*Data records*.

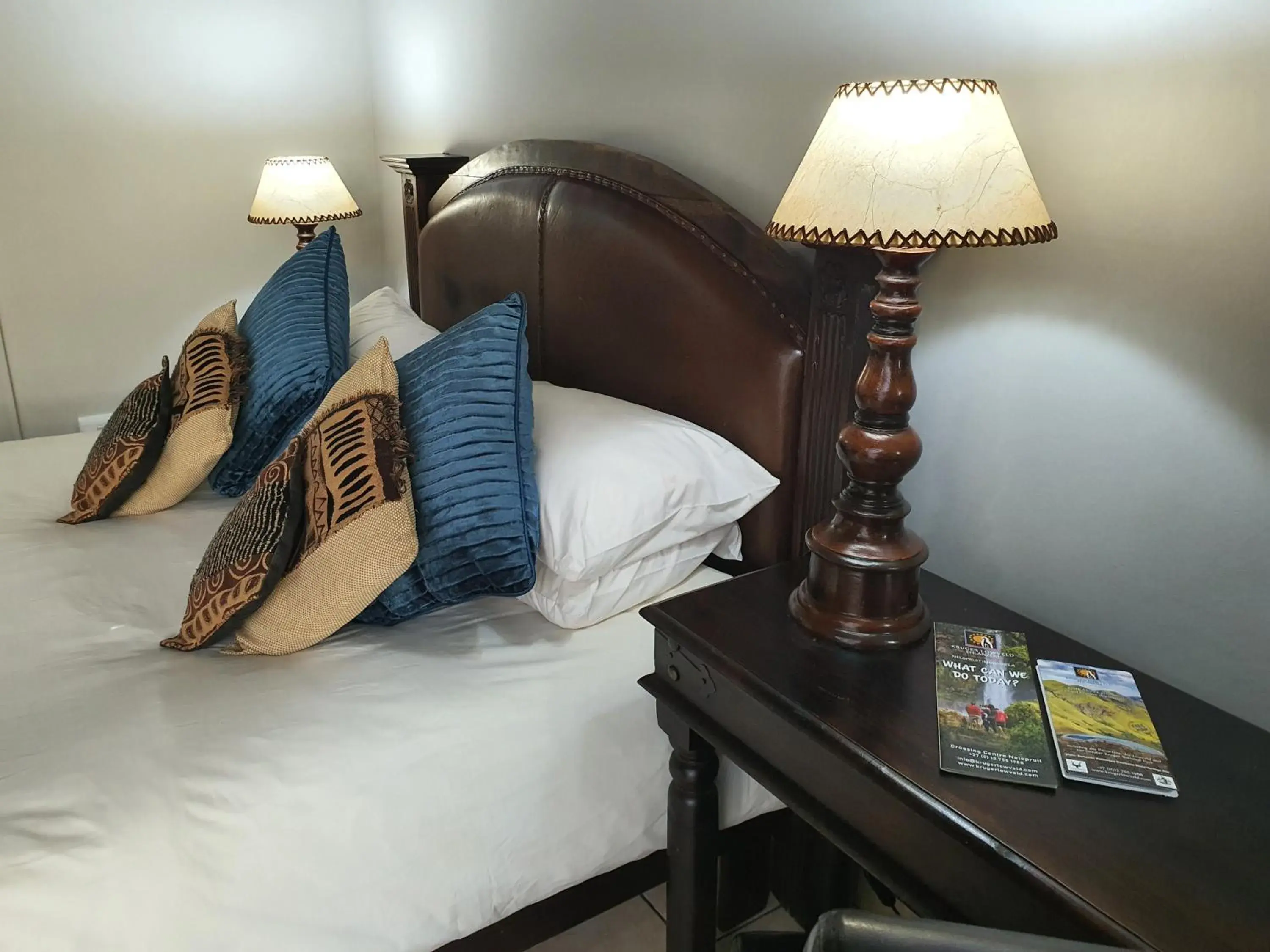 Double Room - single occupancy in Selati 103 Guest Cottages Double Room - single occupancy in Selati 103 Guest Cottages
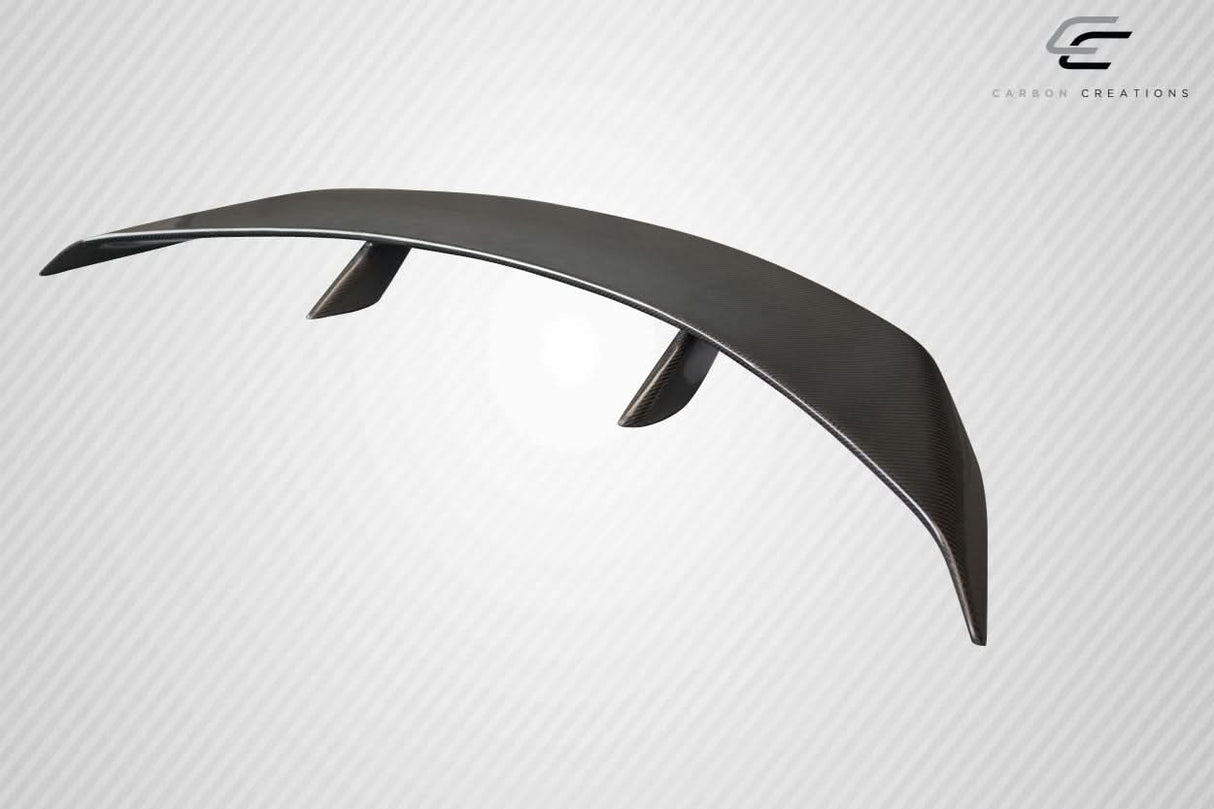 2019-2023 Toyota Supra AG Design Style GT Rear Wing Spoiler - Carbon Fiber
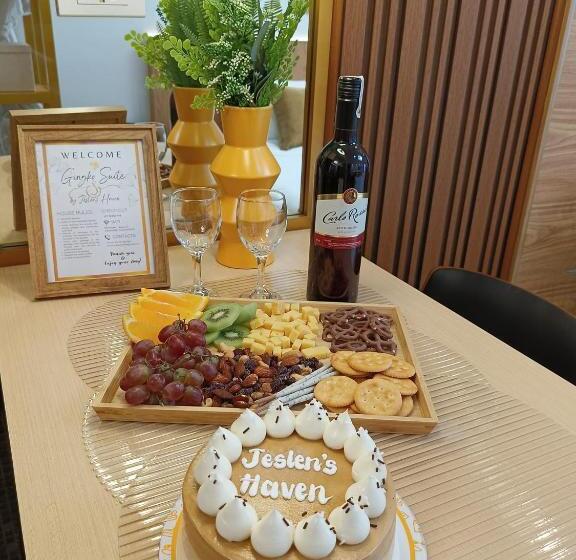 Gingko Suite Condotel Inspired @ Fern   The Grass Residence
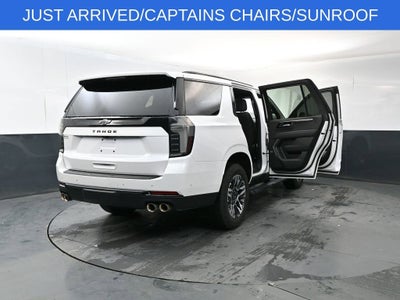 2025 Chevrolet Tahoe Z71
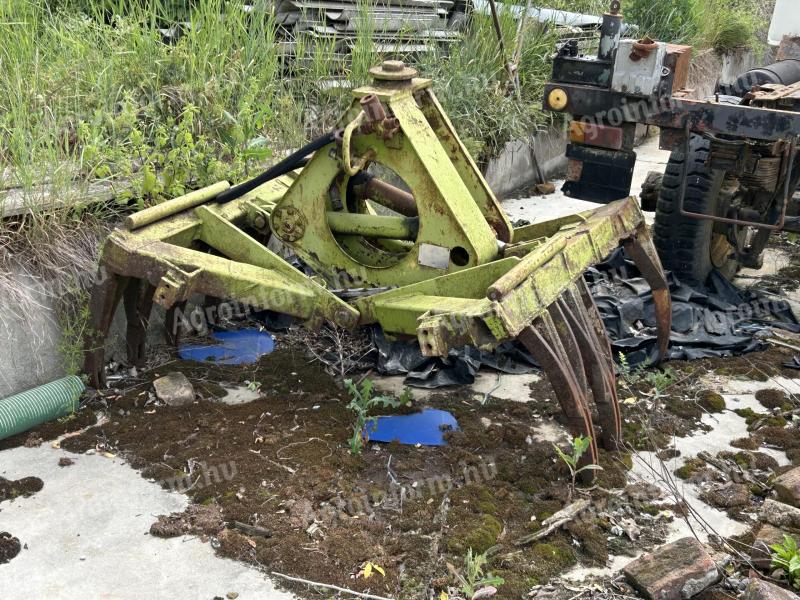 Weimar manure spreader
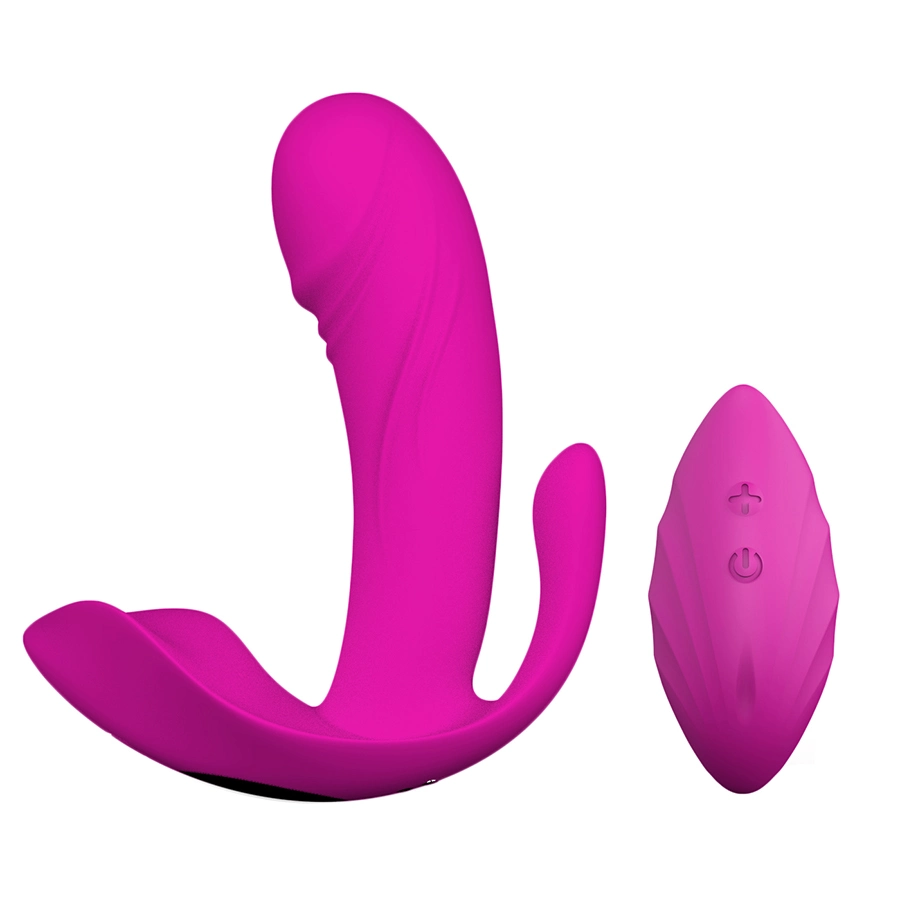 Bragas calefacción juguete sexual vibradores Vibrador Control Remoto del Huevo vibrador G Spot estimulador de clítoris juguete sexual para mujeres par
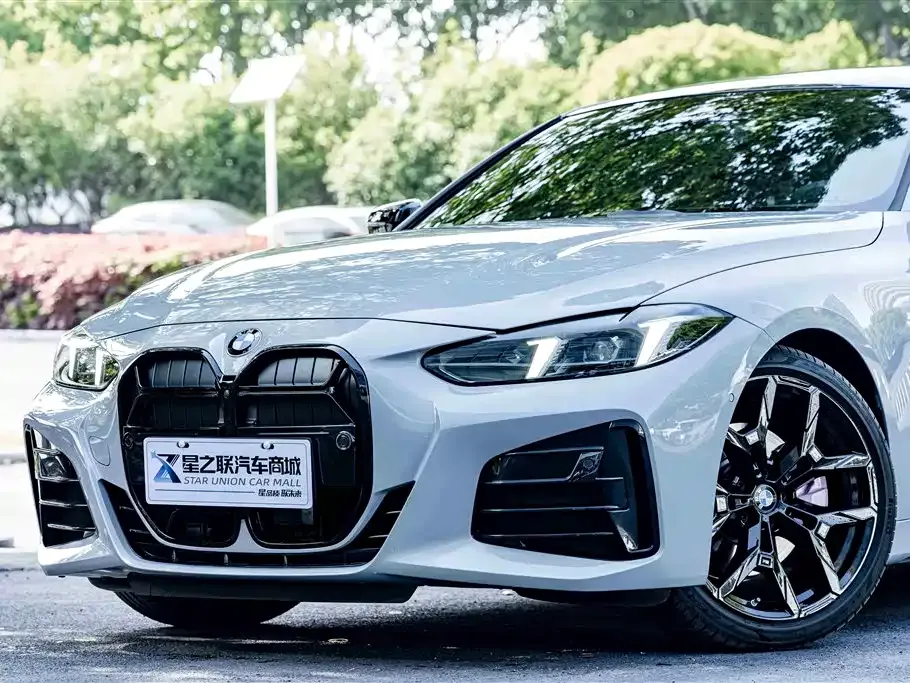 BMW 4 Series — фото 10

*Exercise details*. Return a verbatim transcription of the data, omitting all images.

*Output for this task*.
 Double Room - single occupancy in Selati 103 Guest Cottages Double Room - single occupancy in Selati 103 Guest Cottages
 2019-2023 Toyota Supra AG Design Style GT Rear Wing Spoiler - Carbon Fiber
 Gingko Suite Condotel Inspired @ Fern   The Grass Residence
 2025 Chevrolet Tahoe Z71
 Weimar manure spreader
 Bragas calefacción juguete sexual vibradores Vibrador Control Remoto del Huevo vibrador G Spot estimulador de clítoris juguete sexual para mujeres par
 BMW 4 Series — фото 10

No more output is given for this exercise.